# Tourist visa expiry and got Employment visa



## naveedalidewa (Aug 10, 2012)

Hi Guys

I have Pakistani passport and my dubia tourist visa is going to expiry but i got employment visa.

Now i need to exit and reentry in UAE.

Please let me know what are the ways ?


----------



## Chocoholic (Oct 29, 2012)

The PRO of the company you're joining should deal with all of this for you! Usually they will send you on a visa run flight, to Oman or Bahrain, where you literally go there then come back and get your employment/residence visa stamped in your passport on return. Some nationalities don't have to leave the country, but I have a feeling you might have to.

Again, your company HR/PRO will give you all these answers.


----------



## naveedalidewa (Aug 10, 2012)

Thanks Chocoholic,

The HR/PRO doesn't exists in the company thus why i need to do my self.

Let me know is visa run to Oman will get the visa on arrival or i need to take Oman visa before departure ?


----------



## rsinner (Feb 3, 2009)

naveedalidewa said:


> Thanks Chocoholic,
> 
> The HR/PRO doesn't exists in the company thus why i need to do my self.
> 
> Let me know is visa run to Oman will get the visa on arrival or i need to take Oman visa before departure ?


A colleague did this run recently (he is Indian). From what I remember talking to him, he did not need to get an Oman visa. He just took a flight to Oman and came back on the same plane after disembarking and then re-boarding. He didn't cross the Oman immigration checkpoint.

Maybe worthwhile to call up the airline you will book with? They handle this everyday.

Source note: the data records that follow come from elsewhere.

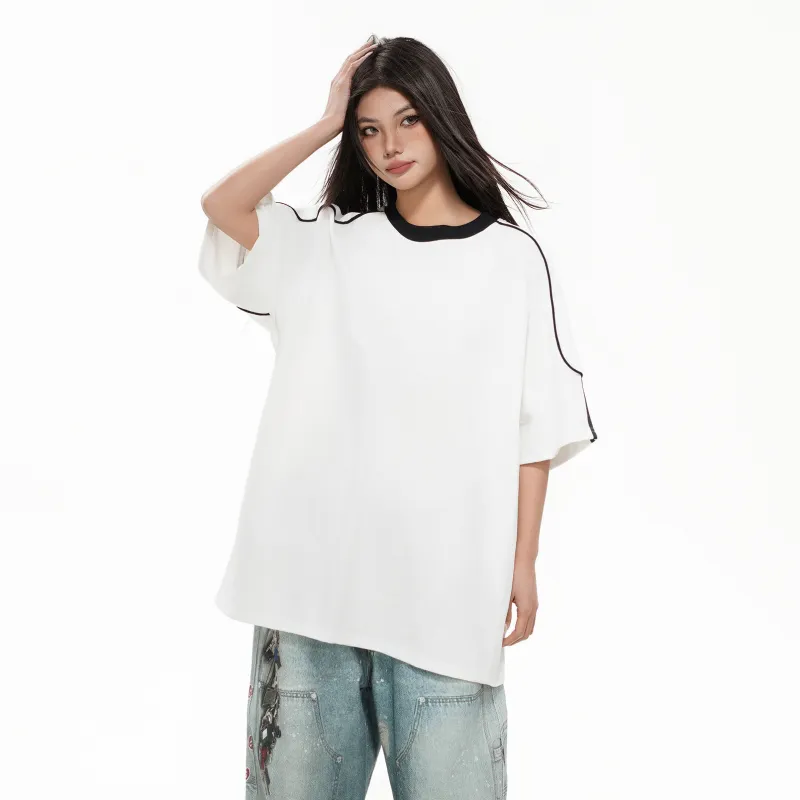 ACUOD BY CHANU T Shirts Unisex-3
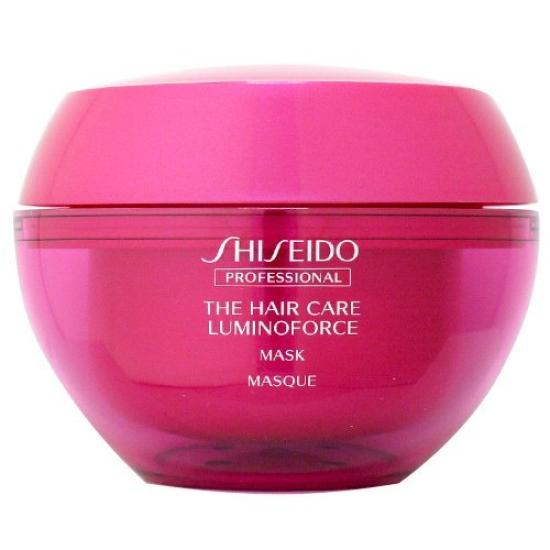 

Shiseido Pro Luminoforce Mask 200g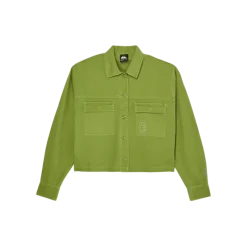 QuiksilverMohab Shirt Women - Chemise femme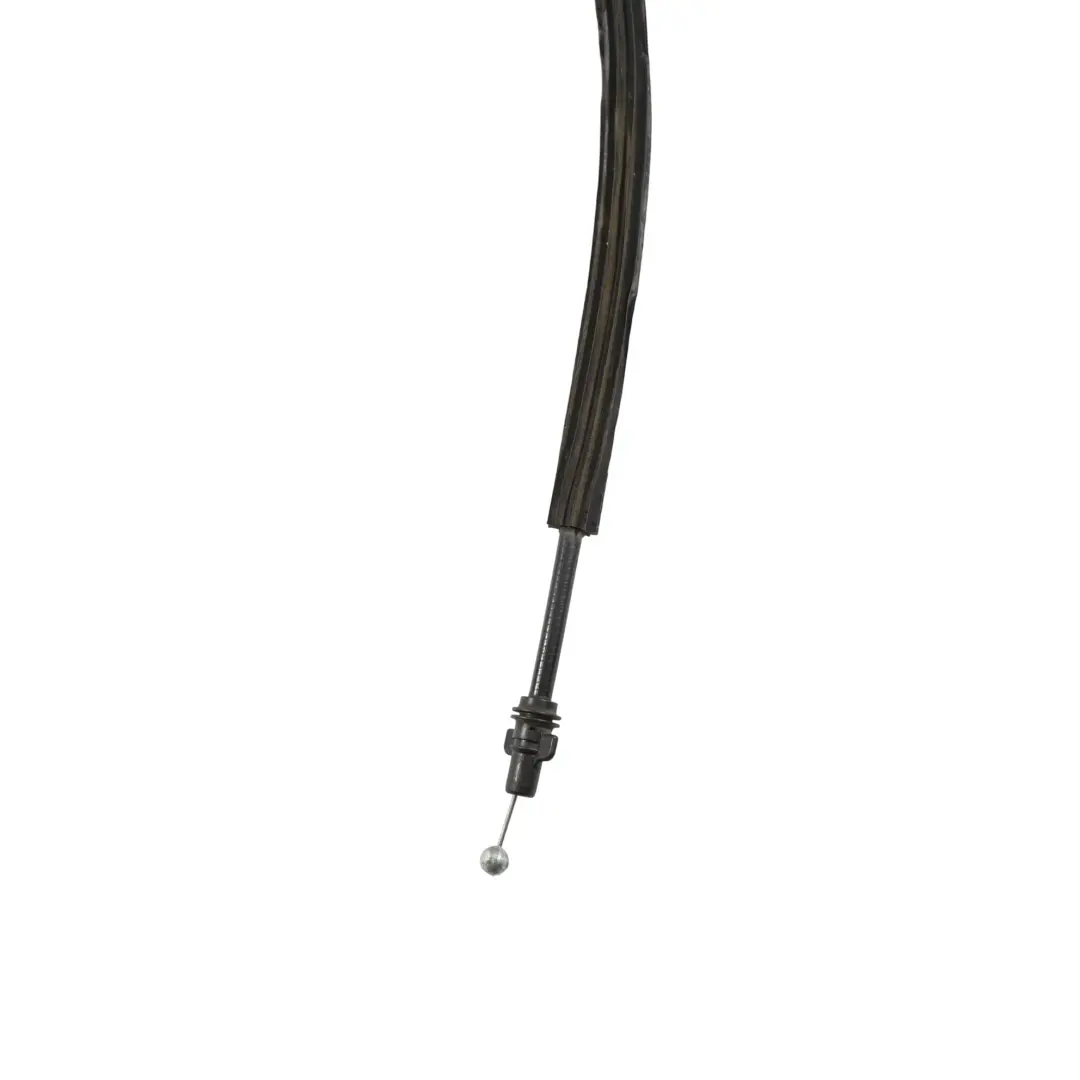 Volkswagen Golf Mk7 Bonnet Open Release Cable Linkage - SKU 5G0823535A - Part number 5G0823535A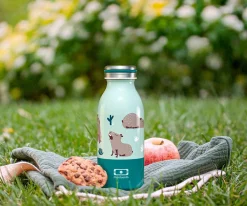 Best Botella Térmica Cooly Capy Azul Botellas Térmicas|Botellas De Acero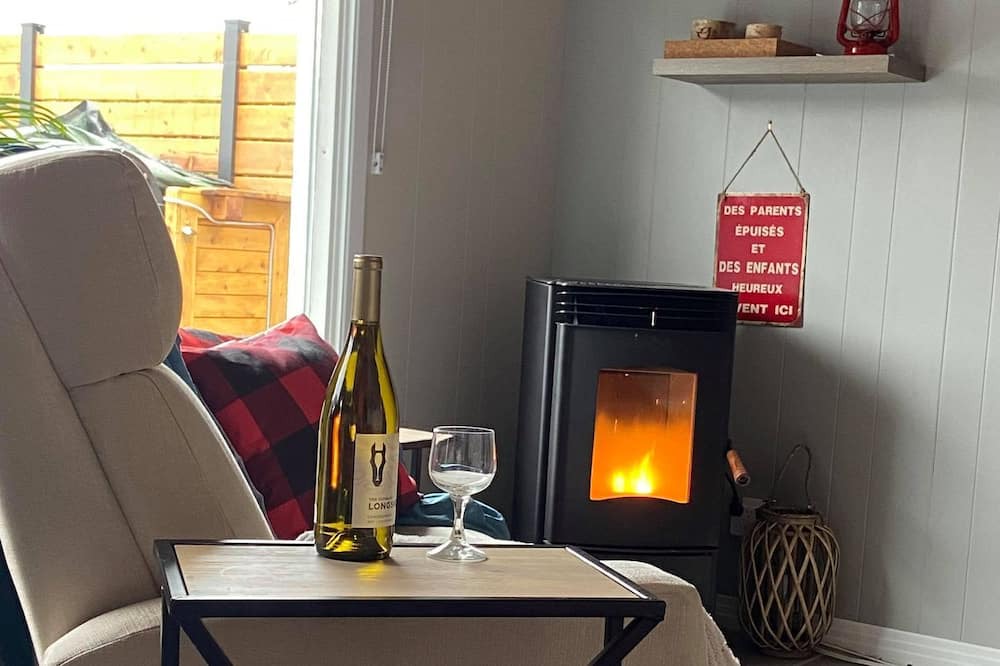 Photo of Bedroom in Riviere-du-Loup Regional County Municipality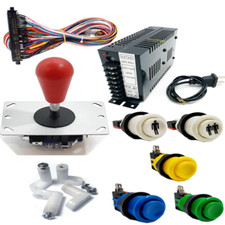 Arcade Jamma Mame 60in1 Retro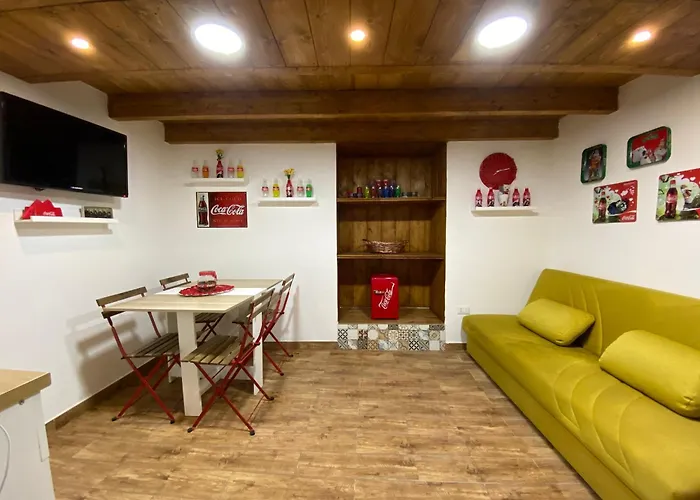 Casa Annare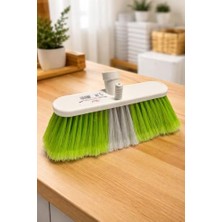 Hakay Y-402 21 cm Çok Amaçlı Temizlik Fırçası – Yer, Balkon, Garaj, Araç
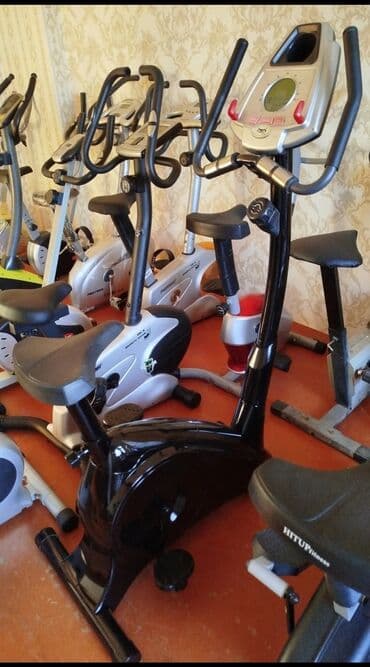 futbol mağazası: Trenajorlar 180m başlayan qiymətlərlə ❗❗❗Mağaza bağlanır — 1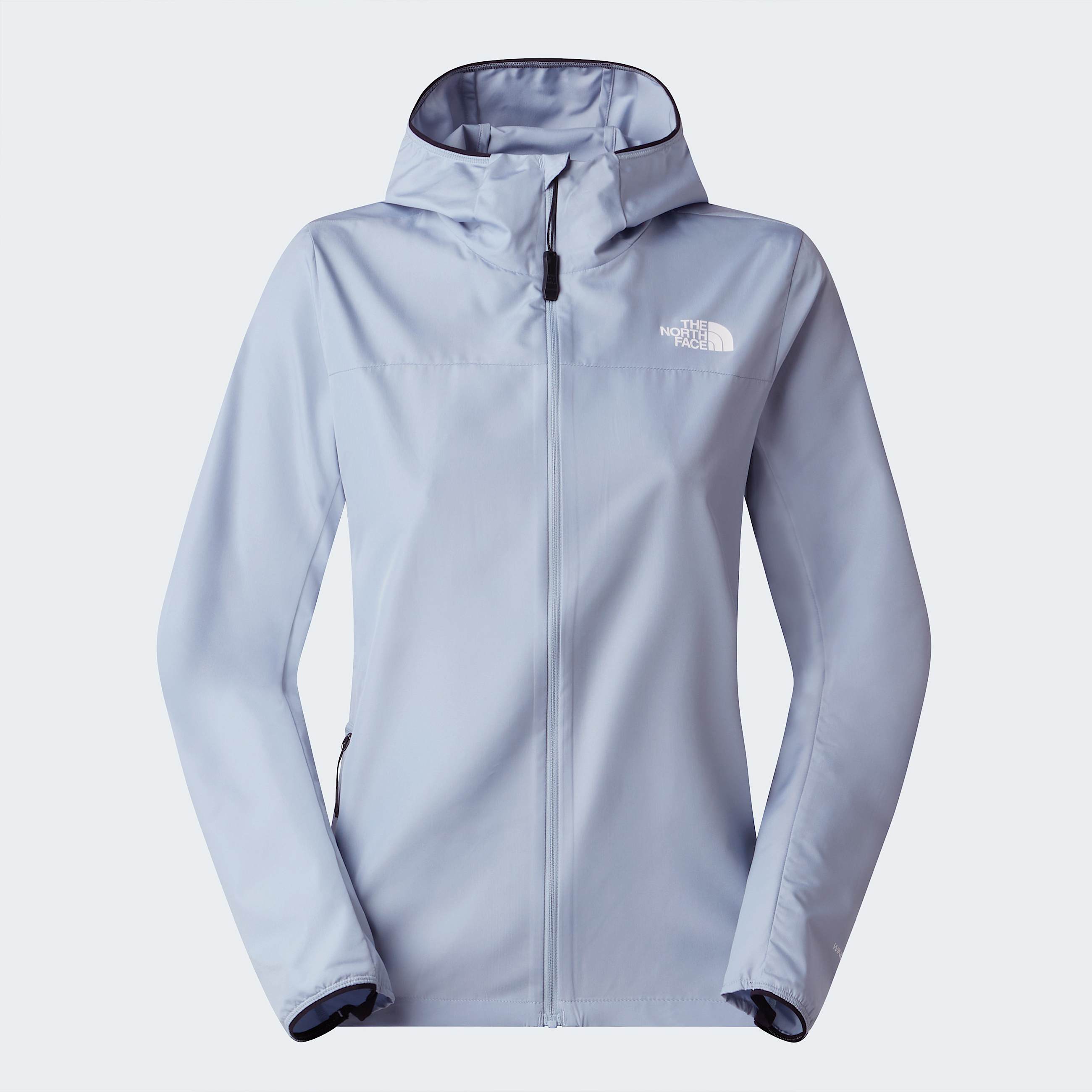 Fontanales Wind Gilet W TNF ALT20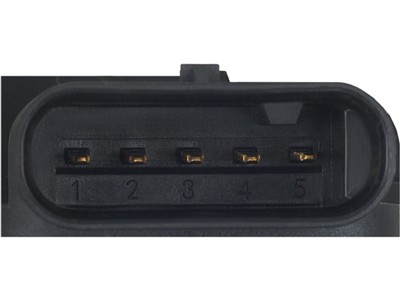 AS-PL NOX9540 Číslo výrobce: 04L907805AA. EAN: 5902129253044.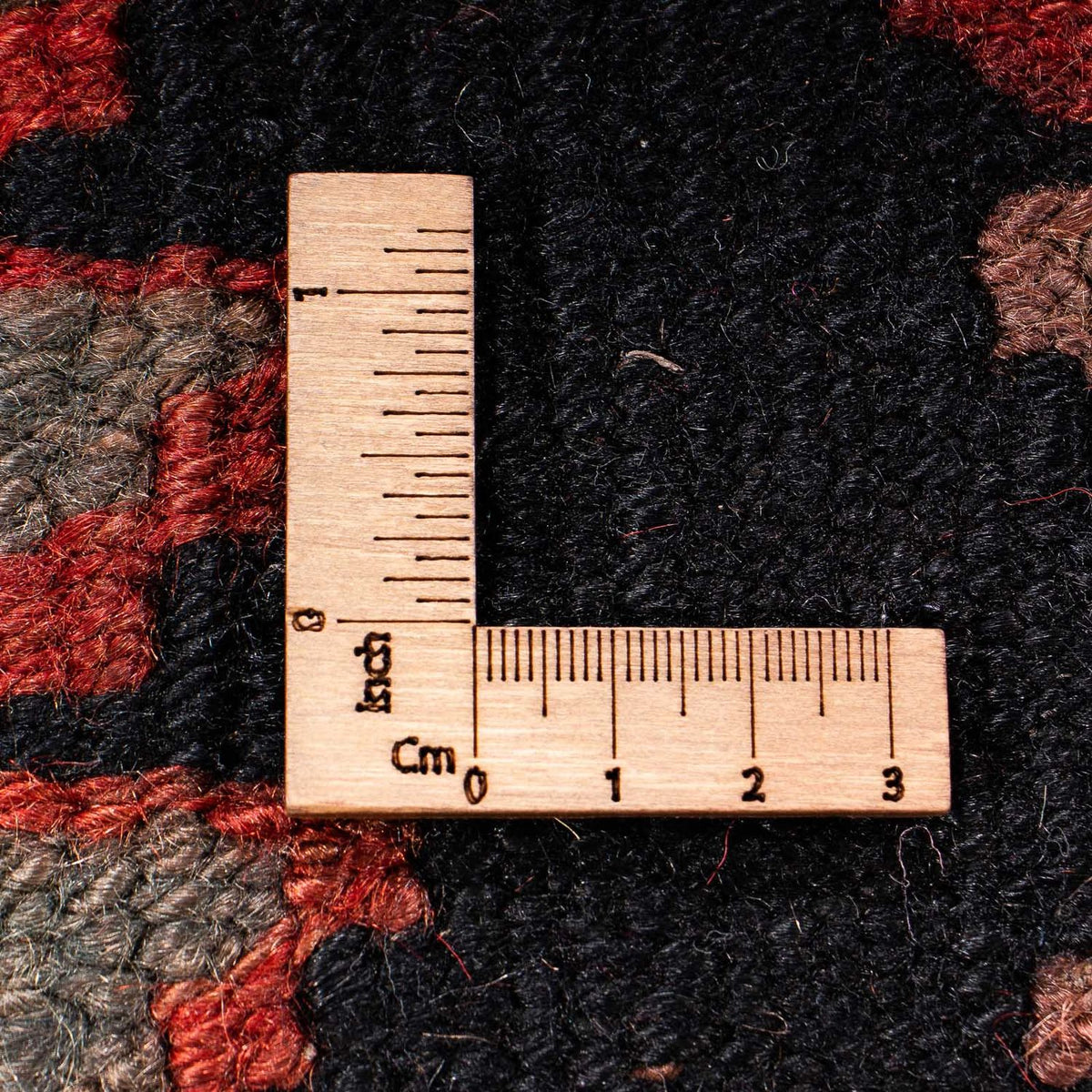 Kelim Rug - Old - 260 x 130 cm - multicolored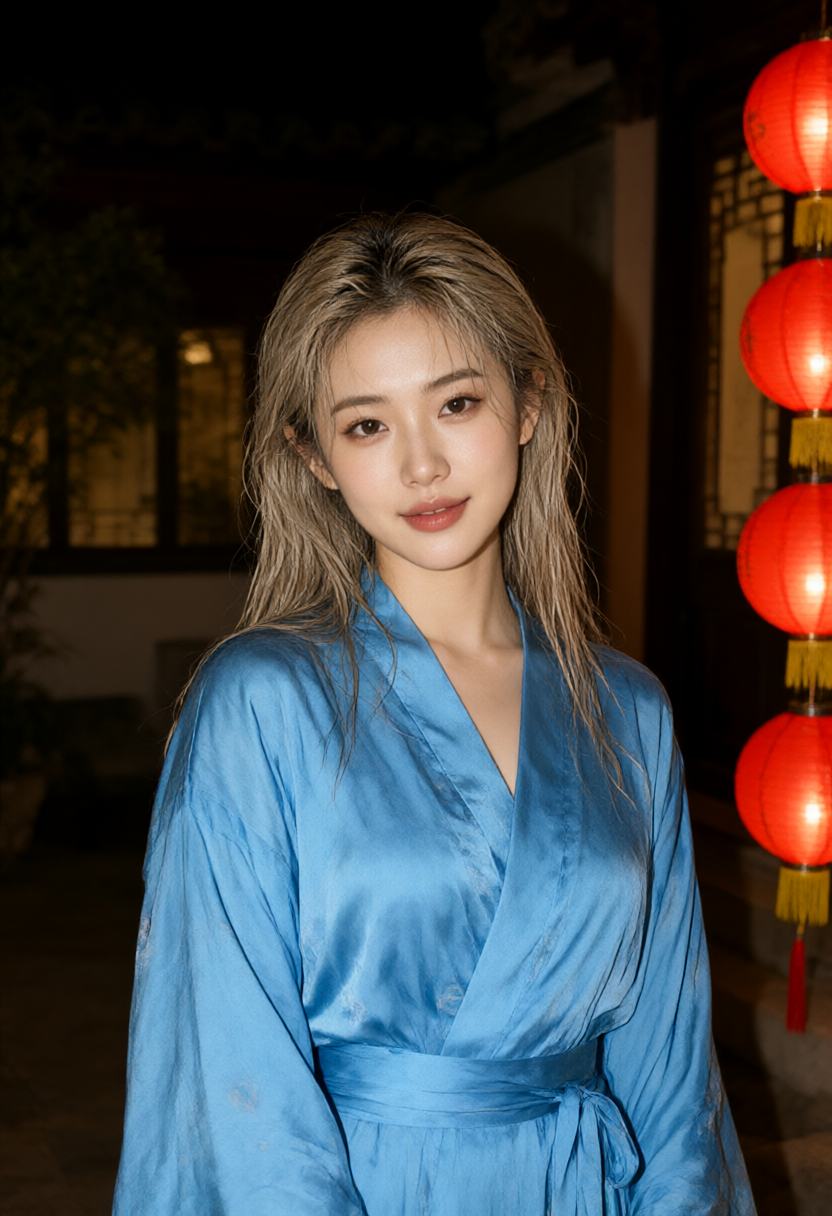 海报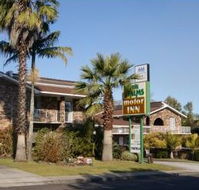 Gosford Palms Motor Inn - Accommodation Melbourne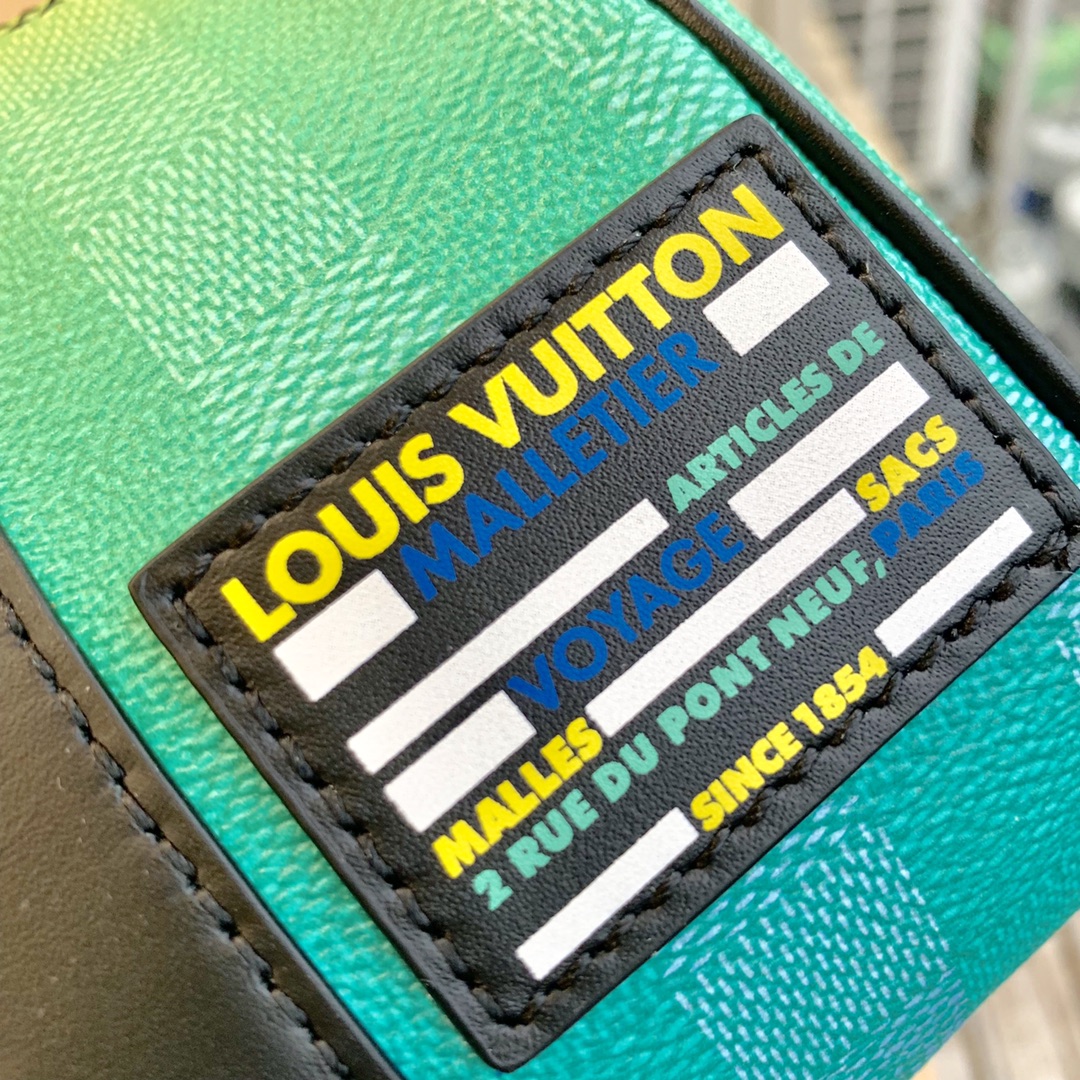 Louis Vuitton Keepall XS-M59949-21*12*9CM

I think he took Oman Air.


----------



## naveedalidewa (Aug 10, 2012)

any one how do it recently


----------



## naveedalidewa (Aug 10, 2012)

any one who do it recently ?


----------



## Mr.DubaiGov (May 26, 2012)

U don't need visa to Oman as ul stay in the airport and directly ul check in back to Dubai.
U need to take the original visa with u and maybe ul need to pay some fee for arriving stamp


----------



## naveedalidewa (Aug 10, 2012)

so i need to purchase Oman ticket and fly to Oman Air port and then take the return flight to Dubai.

Right ?????

If yes then dubai airport police doesn't ask for Oman visa ??


----------



## Mr.DubaiGov (May 26, 2012)

Yes that's it and if they asked for Oman visa tell them u r going transit.. Or going just coz ul change visa from tourist to employment


----------



## naveedalidewa (Aug 10, 2012)

Thanks boss

but did u know any one who did this recently ?


----------



## Mr.DubaiGov (May 26, 2012)

Last Aug I did for my Philippine new employee


----------